## Exercise requirements
Keep the wording of the records intact as you retype them, and omit every image.

--- Records for this exercise ---

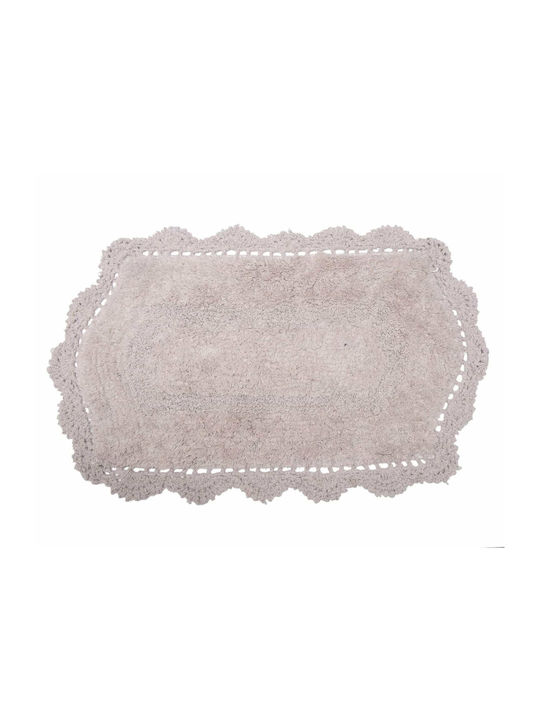 Viopros Badematte Baumwolle Tania 670117 Ecru 45x75cm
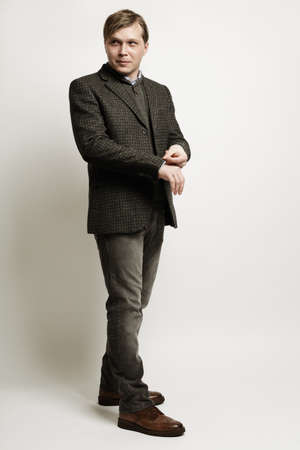 Fashion man, portraitの写真素材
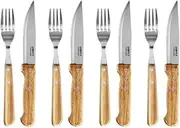 GRYLT 8 Piece Jumbo Steak Knife & Fork Set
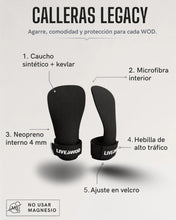 Cargar imagen en el visor de la galería, CALLERAS LEGACY - NEGRO/NEGRO (SIN MAGNESIO) AGARRE PRO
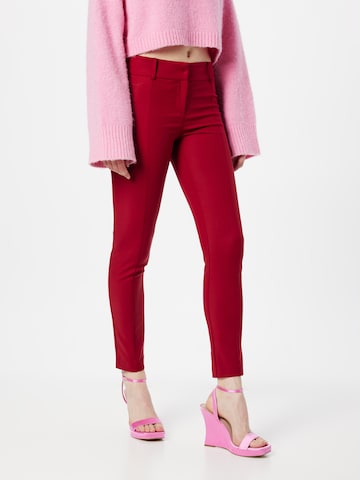 PATRIZIA PEPE Slim fit Pants in Red: front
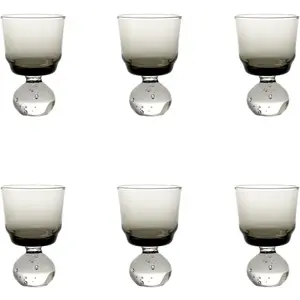 Serax - Bela Silva - Eternal Snow - Waterglas S - Grijs - 6 Ø - 6 stuks pas cher
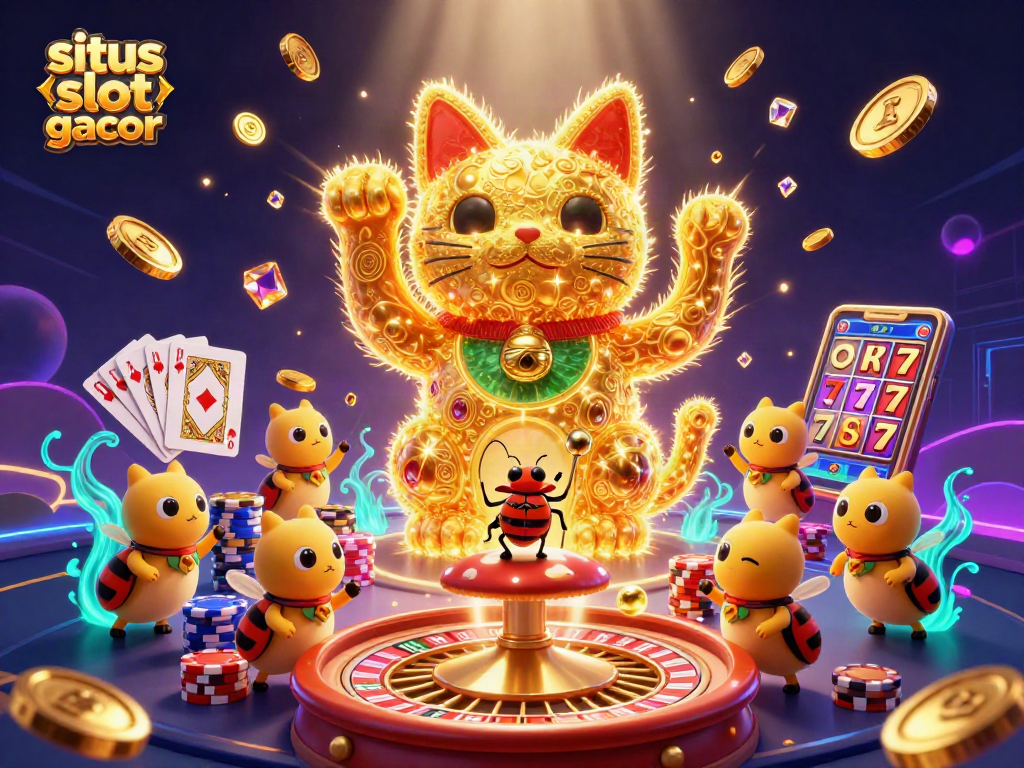 Mainkan situs slot gacor dengan pengalaman visual menarik dari karakter keberuntungan dan simbol kasino.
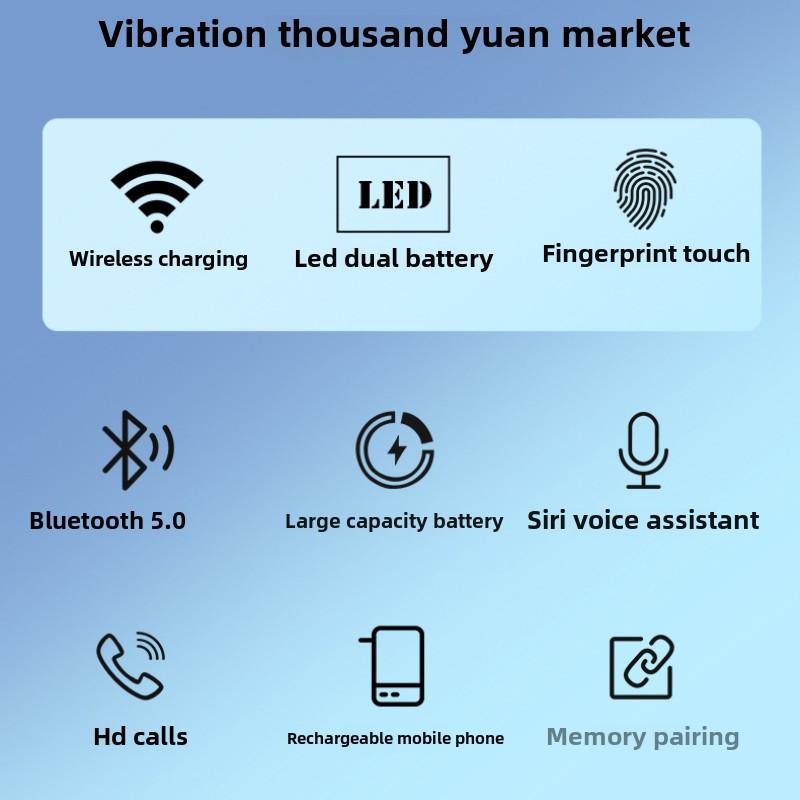 Спортивная бизнес-гарнитура Bluetooth S-вкладыши TWS с цифровым дисплеем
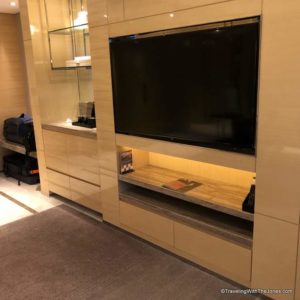 television in suite 1512, JW Marriott Hotel Chengdu, China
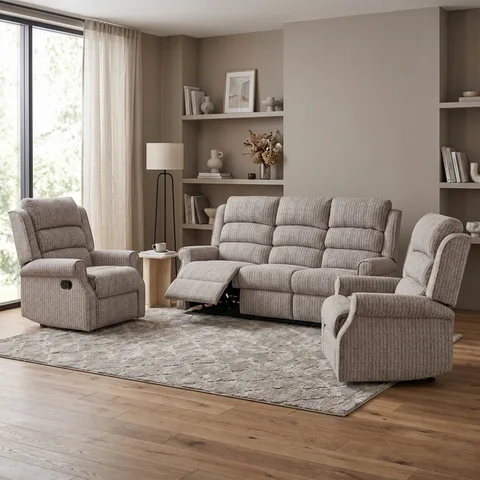 Windsor 3+1+1 Recliner Natural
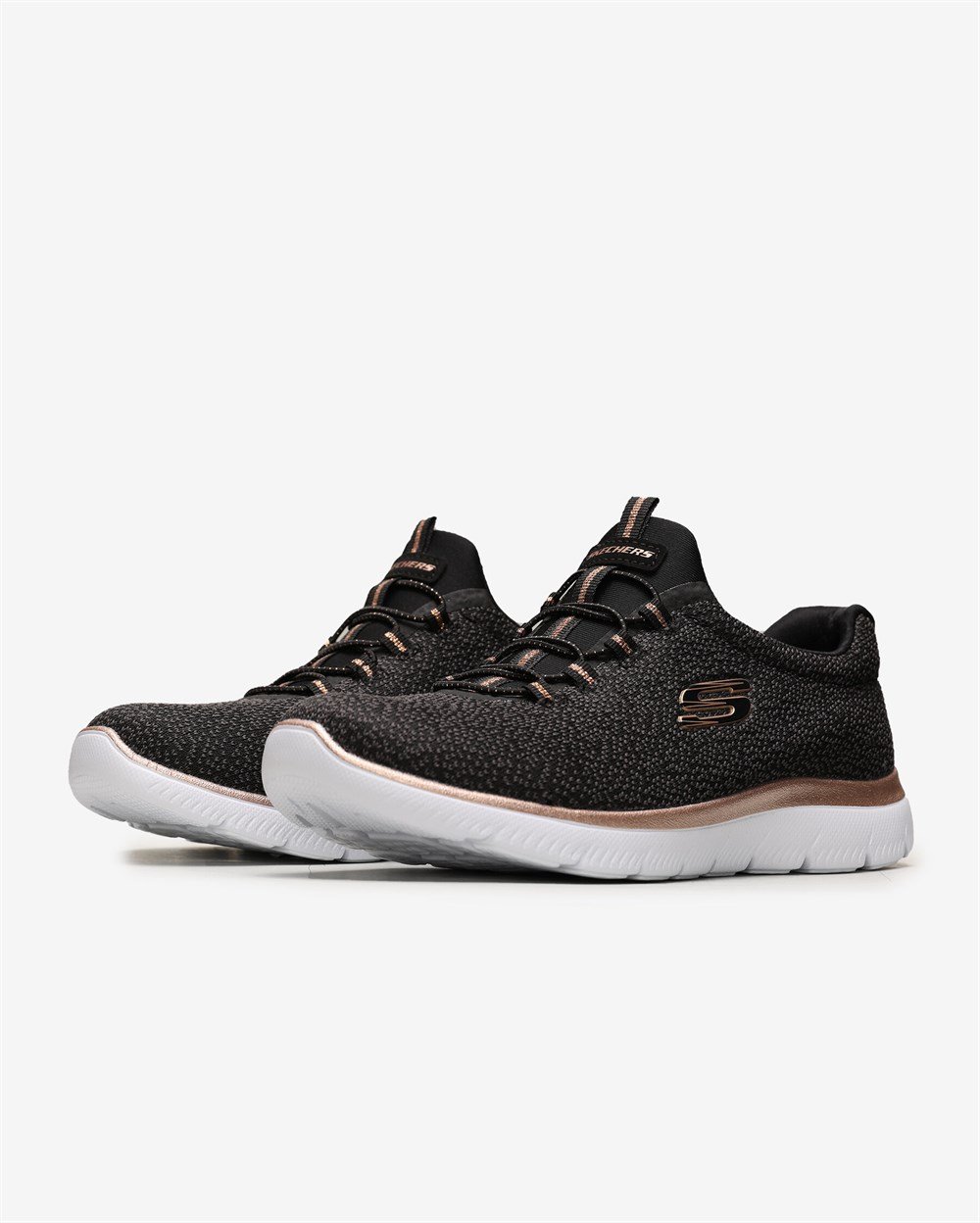 Skechers Summits - Fresh Take Kadın Siyah Günlük Ayakkabı - 12998 BKGD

---

## The answer
 Viopros Badematte Baumwolle Tania 670117 Ecru 45x75cm
 Fashion man, portraitの写真素材
 GRYLT 8 Piece Jumbo Steak Knife & Fork Set
 Cargar imagen en el visor de la galería, CALLERAS LEGACY - NEGRO/NEGRO (SIN MAGNESIO) AGARRE PRO
 PATRIZIA PEPE Slim fit Pants in Red: front
 Serax - Bela Silva - Eternal Snow - Waterglas S - Grijs - 6 Ø - 6 stuks pas cher
 Mainkan situs slot gacor dengan pengalaman visual menarik dari karakter keberuntungan dan simbol kasino.
 Спортивная бизнес-гарнитура Bluetooth S-вкладыши TWS с цифровым дисплеем
 television in suite 1512, JW Marriott Hotel Chengdu, China
 Windsor 3+1+1 Recliner Natural
 Skechers Summits - Fresh Take Kadın Siyah Günlük Ayakkabı - 12998 BKGD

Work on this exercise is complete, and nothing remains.